“Stiamo tornando indietro, perché almeno se moriremo, moriremo con dignità nelle nostre case”, spiega in un video Youmna El Sayed, corrispondente di Al Jazeera. La giornalista, mentre filmava, stava lasciando il Sud di Gaza per ritornare con la famiglia a Nord, nella sua abitazione a Gaza City. Youmna El Sayed e la sua famiglia non sono gli unici che sono tornati indietro. L’agenzia delle Nazioni Unite per i rifugiati palestinesi afferma che la situazione nel sud di Gaza è così grave che sono diversi i civili stanno tornando a nord, da dove si erano spostati dopo l’avvertimento di evacuazione dell’esercito israeliano.

“Stiamo ritornando con altre due famiglie nei nostri appartamenti nel quartiere di Tel al-Hawa. So che Gaza non è sicura, ma non è sicuro ovunque nella Striscia, non solo a Gaza City. Ieri – raccontava nel corso del viaggio in auto -, e tutta la notte, e nella mattinata di oggi, i bombardamenti non si sono fermati nel Sud della Striscia e questo è il motivo per cui molte famiglie che erano state evacuate a Sud stanno tornando indietro, perché almeno se moriremo, moriremo con dignità nelle nostre case”.

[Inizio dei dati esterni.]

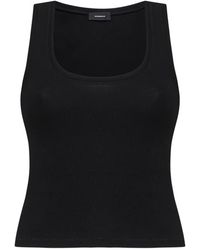 Wardrobe NYC - Tops ,Zwart ,Katoen Zwarte Geribbelde Tanktop - Lyst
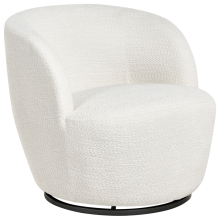 Swivel Armchair KUOLPA Chenille Off-White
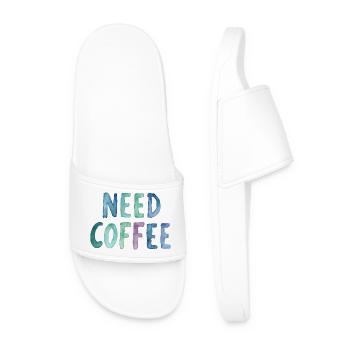 Need Coffee Watercolor Text - Claquettes Homme - blanc - Devant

Youmna e la sua famiglia si erano spostate a Khan Younis, ma – racconta la giornalista – anche lì stavano facendo fatica senza elettricità, senza acqua e senza internet. “Siamo completamente fuori dal mondo – diceva davanti alla videocamera mentre si allontanava per tornare a Nord -. So che a Gaza non abbiamo lo stesso elettricità, acqua, internet, ma almeno abbiamo le nostre case dove possiamo stare, e io ho un po’ di acqua nei pozzi dei palazzi residenziali dove siamo”.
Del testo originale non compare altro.